• Provided data
################

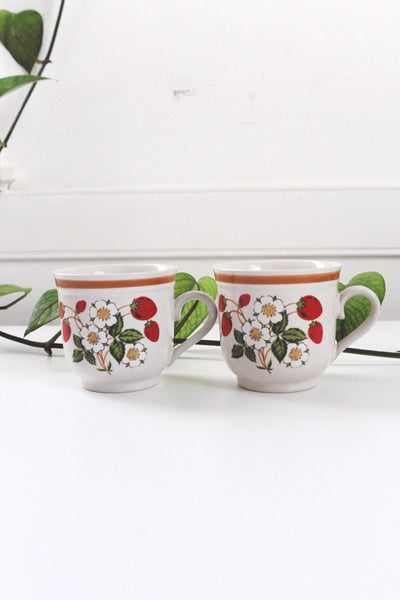 Vintage Coffee Mug - Strawberry Mug Stoneware Japan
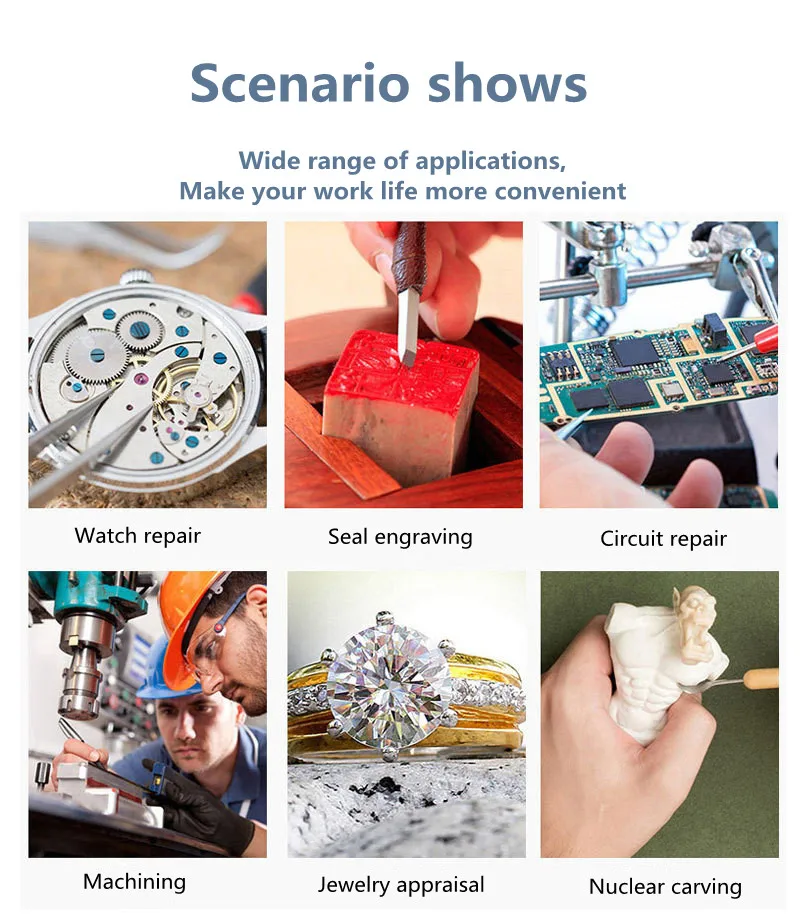 

Adjustable 5 lens magnifying glass LED lamp head with magnifying glass optical glass lens magnifying glass watch repair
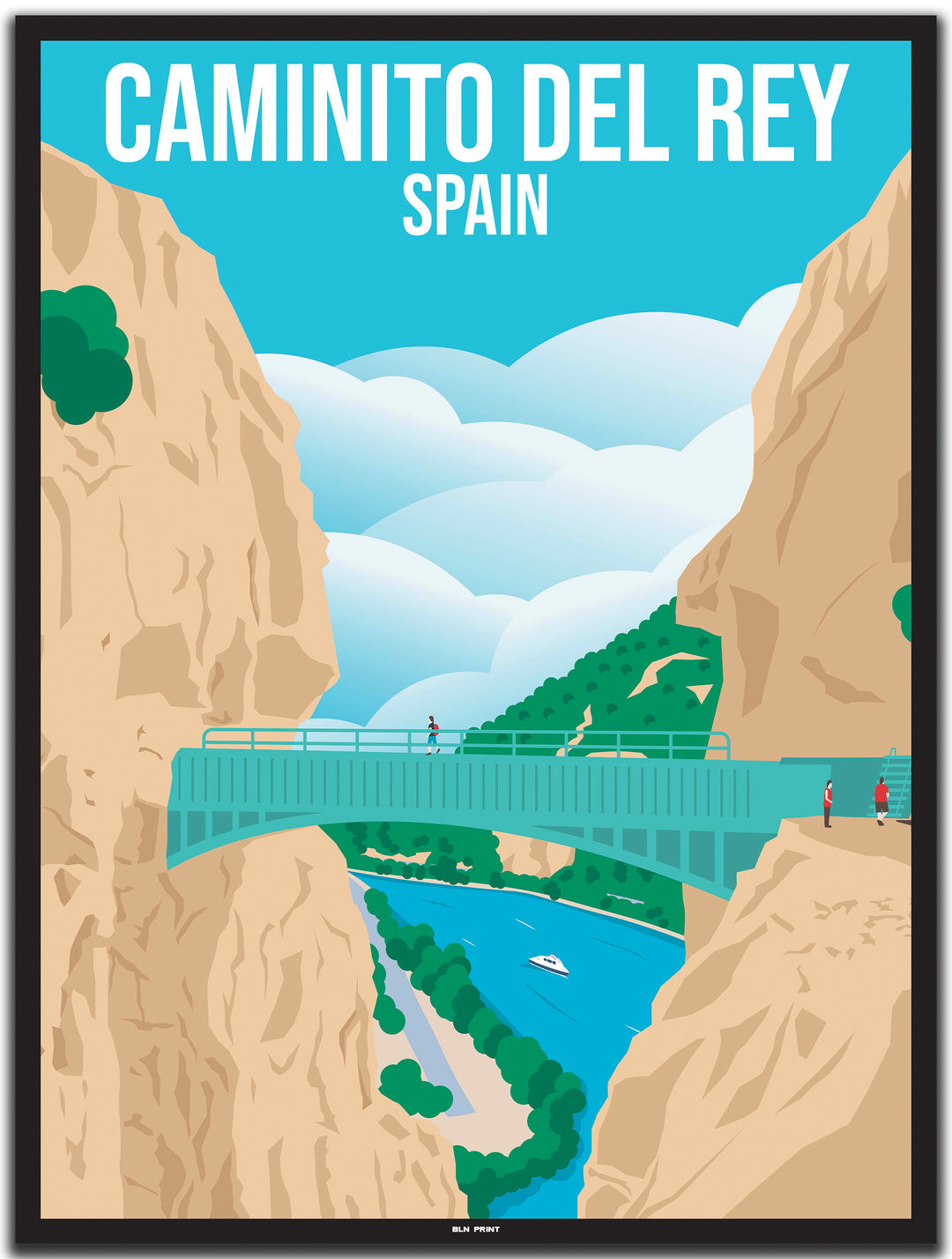 vintage malaga poster shop #30x40cm-schwarzer-farbrand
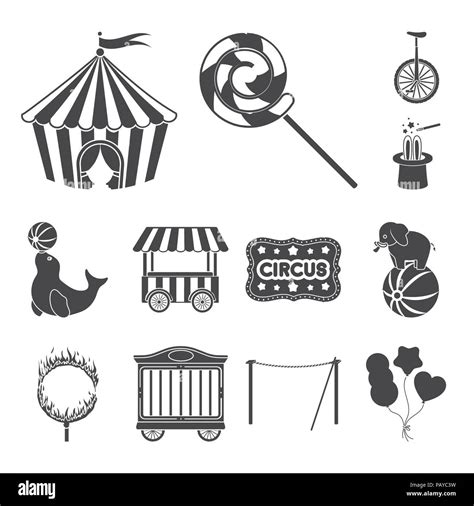 Circus and attributes black icons in set collection for design. Circus ...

################

• Problem statement
Give back the material above exactly, but without its images.

• Answer box
 Vintage Coffee Mug - Strawberry Mug Stoneware Japan

Adjustable 5 lens magnifying glass LED lamp head with magnifying glass optical glass lens magnifying glass watch repair
 vintage malaga poster shop #30x40cm-schwarzer-farbrand
 Circus and attributes black icons in set collection for design. Circus ...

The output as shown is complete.